● **TASK ITEM**
The "Hat - Picture 2 of 5" line through the end of the listing below is what to set down, word for word, and nothing else.

● **EXERCISE DATA**
++++++++++

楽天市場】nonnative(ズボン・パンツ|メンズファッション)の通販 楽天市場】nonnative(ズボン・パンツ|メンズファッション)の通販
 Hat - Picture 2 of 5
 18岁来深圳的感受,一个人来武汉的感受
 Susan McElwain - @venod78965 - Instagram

++++++++++

● **SOLUTION TO THIS EXERCISE**
 Hat - Picture 2 of 5
 18岁来深圳的感受,一个人来武汉的感受
 Susan McElwain - @venod78965 - Instagram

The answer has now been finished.